Menurut dia, Presiden tidak mengatakan acuan kurs mesti ditukar ke yuan renminbi. "Presiden kan tidak bilang ditukar. Tapi, kalau mau dipelajari, lebih relevan yang langsung begitu. Artinya, kurs mata uang kita, ya memang berdasarkan transaksi ekonomi kita dengan Cina, baik ekspor maupun impor,” kata Darmin seusai Sarasehan 100 Ekonom Indonesia di Hotel Fairmont, Jakarta, Selasa, 6 Desember 2016. “Itu sesuatu yang memang konsepnya demikian.”
Darmin menerangkan, hingga saat ini, dolar Amerika masih menjadi referensi perdagangan dunia. "Jadi, yang dikatakan Presiden itu, esensinya adalah kurs suatu negara dengan negara lain harus ditentukan betul oleh perdagangannya. Tapi, terkait perdagangan dunia kan lain. Artinya, Anda berdagang minyak di mana pun, harganya dolar," ujarnya.
Baca: Jokowi: Saatnya Kurs Rupiah Beralih dari Dolar ke Renmibi
Dalam pembukaan Sarasehan 100 Ekonom Indonesia, Presiden Joko Widodo mengatakan kurs rupiah terhadap dolar Amerika semakin tidak mencerminkan fundamental ekonomi Indonesia. Saat ini, ekspor Indonesia ke Amerika hanya mencapai 10 persen. "Jangan sampai ini mendominasi persepsi ekonomi. Kalau mengukur ekonomi Indonesia pakai dolar, kita akan kelihatan jelek."
Menurut Jokowi, apabila diukur dengan euro, yuan renminbi, won, atau pound sterling, ekonomi Indonesia akan terlihat berbeda dengan ekonomi yang diukur dengan dolar Amerika. "Mungkin akan kelihatan jauh lebih bagus.
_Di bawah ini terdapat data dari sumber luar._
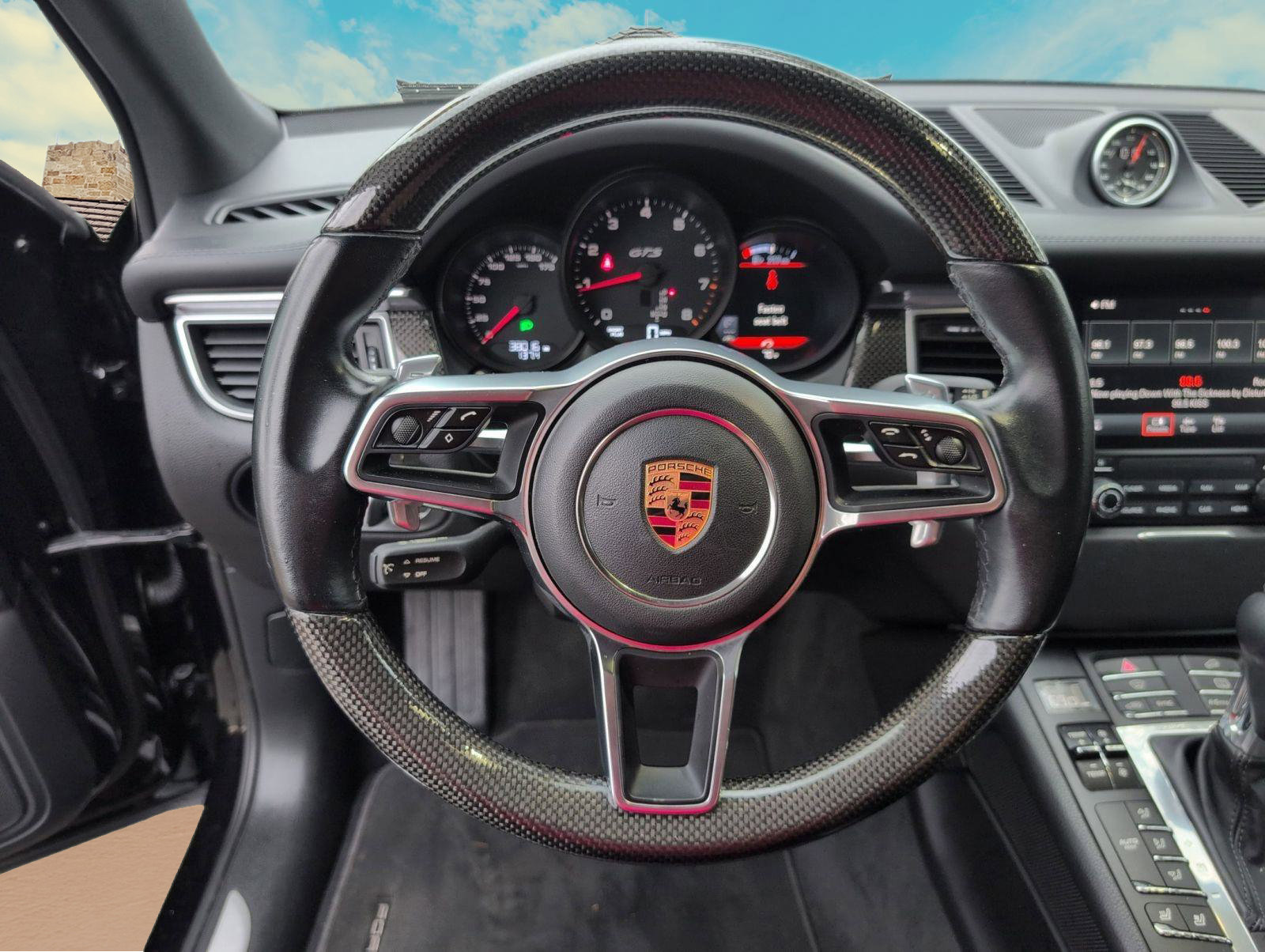 Used 2018 Porsche Macan GTS image 9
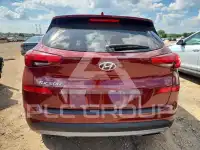 2020 Hyundai Tucson photo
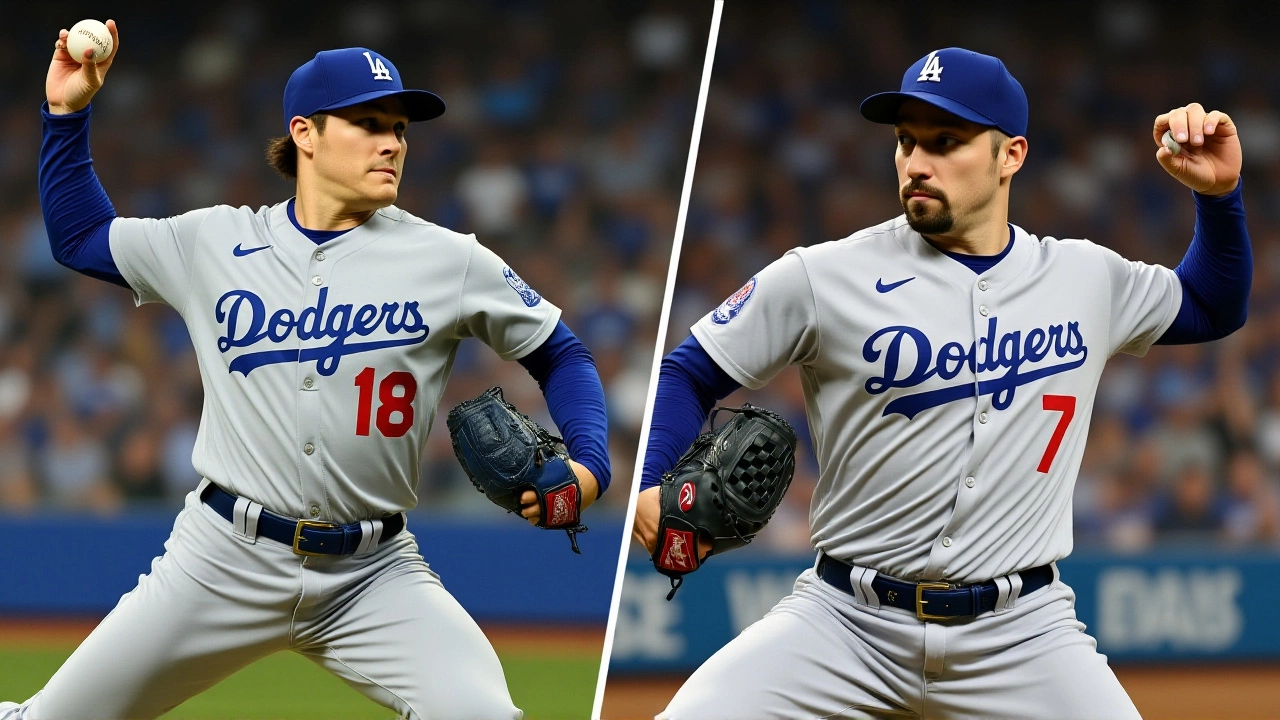 Dodgers Name Snell and Yamamoto as Starters for World Series Games 1‑2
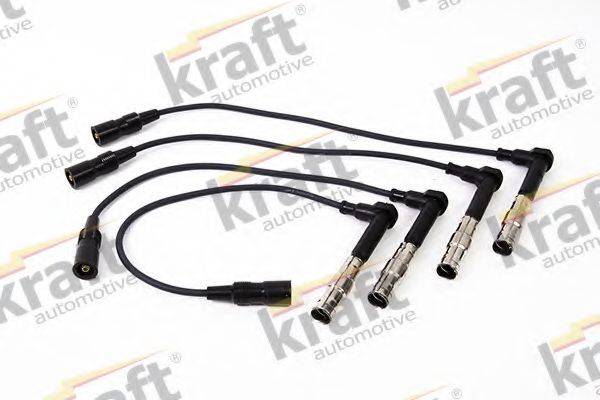 KRAFT AUTOMOTIVE 9121015SM Комплект проводов зажигания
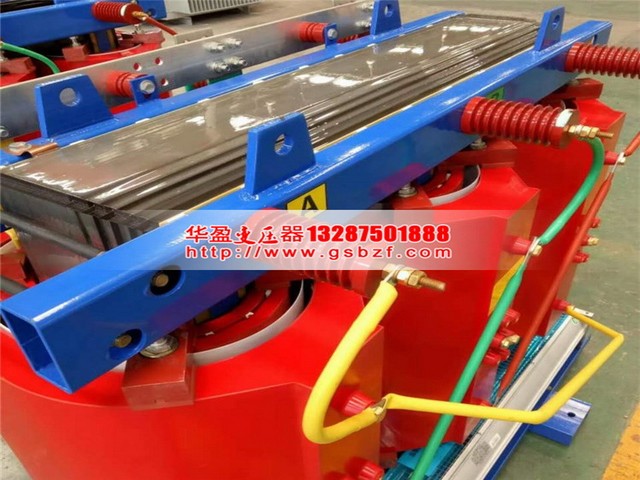 黔西南250KVA干式变压器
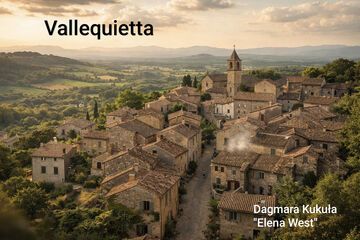 Vallequietta prolog i część I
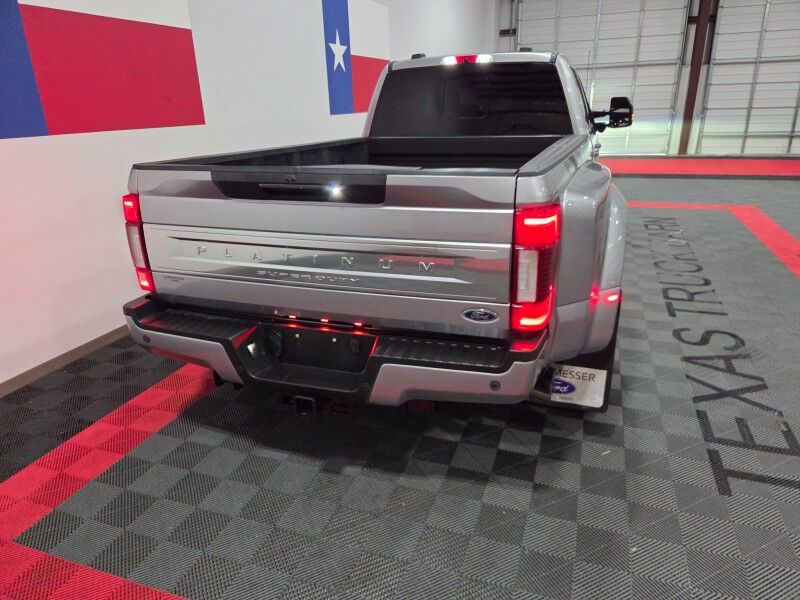 2022 Ford F-350 Platinum 4WD Dually 6.7L Diesel 12in Screen GPS Camera FREE WARRANTY Arlington TX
Tapi kita bertahun-tahun selalu melihat dolar dan rupiah. Menurut saya, kurs rupiah dan dolar bukan lagi tolok ukur yang tepat," katanya.
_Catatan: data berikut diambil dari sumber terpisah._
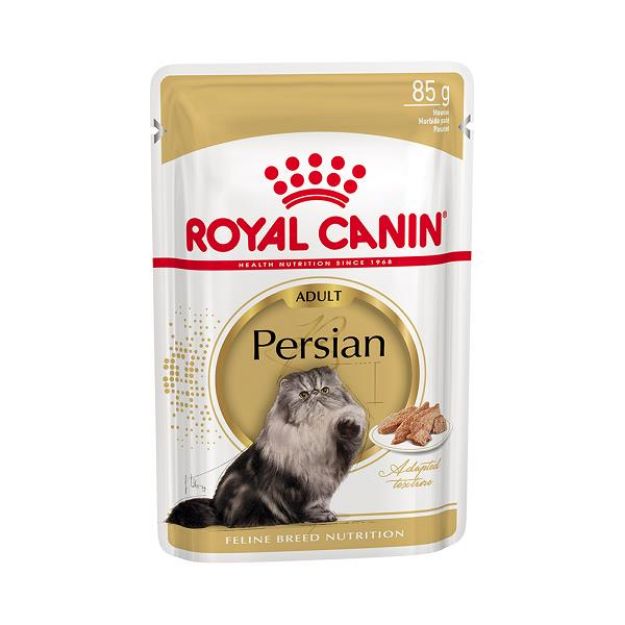 Royal Canin Persian İran Kedilerine Özel Kedi Konservesi 85 gr resmi
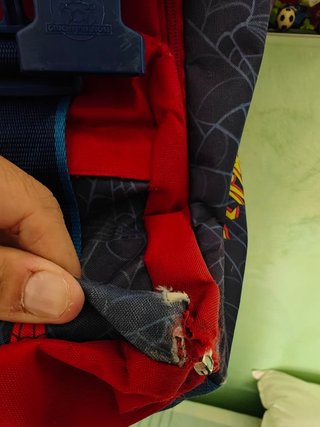 Zaino Spiderman Giochi Preziosi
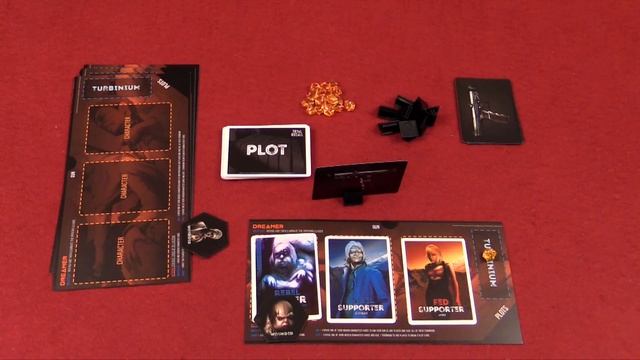 Total Recall: The Official Tabletop Game - Kickstarter Preview смотреть онлайн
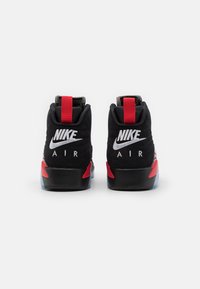 Jordan JUMPMAN MVP - Vysoké tenisky - black/university red/white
Jokowi berujar, acuan kurs yang relevan adalah kurs mata uang mitra dagang terbesar Indonesia. "Kalau Cina yang terbesar, ya seharusnya yuan renminbi yang terbesar. Kalau Jepang, ya kursnya kurs rupiah terhadap yen. Kalau Amerika hanya 10 persen, Tiongkok malah 15,5 persen, Eropa 11,4 persen, Jepang 10,7 persen. Ini penting untuk tidak hanya memantau kurs terhadap dolar Amerika saja."